Please give the listing again in full, leaving out its images.

### DATA EXCERPT
+++

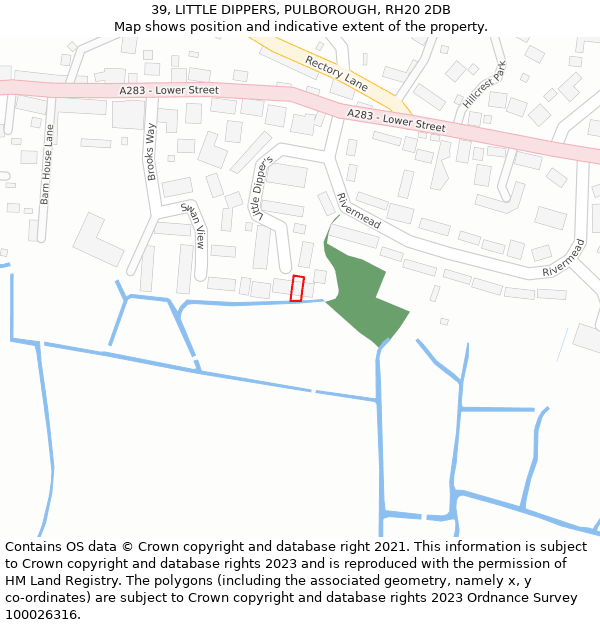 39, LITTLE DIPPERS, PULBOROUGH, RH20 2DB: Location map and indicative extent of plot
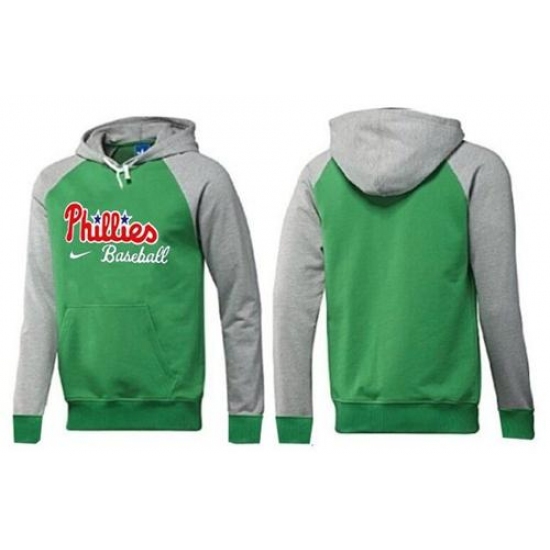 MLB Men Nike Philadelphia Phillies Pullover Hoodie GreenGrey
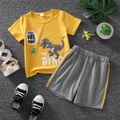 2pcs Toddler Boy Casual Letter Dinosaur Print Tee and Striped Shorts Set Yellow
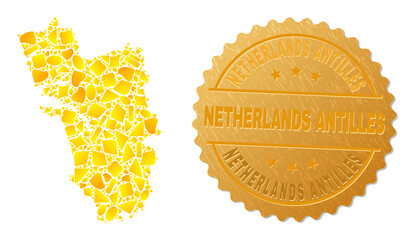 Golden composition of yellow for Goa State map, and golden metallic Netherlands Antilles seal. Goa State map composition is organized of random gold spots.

+++

### YOUR SOLUTION
 39, LITTLE DIPPERS, PULBOROUGH, RH20 2DB: Location map and indicative extent of plot
 MLB Men Nike Philadelphia Phillies Pullover Hoodie GreenGrey
 2pcs Toddler Boy Casual Letter Dinosaur Print Tee and Striped Shorts Set Yellow
 Golden composition of yellow for Goa State map, and golden metallic Netherlands Antilles seal. Goa State map composition is organized of random gold spots.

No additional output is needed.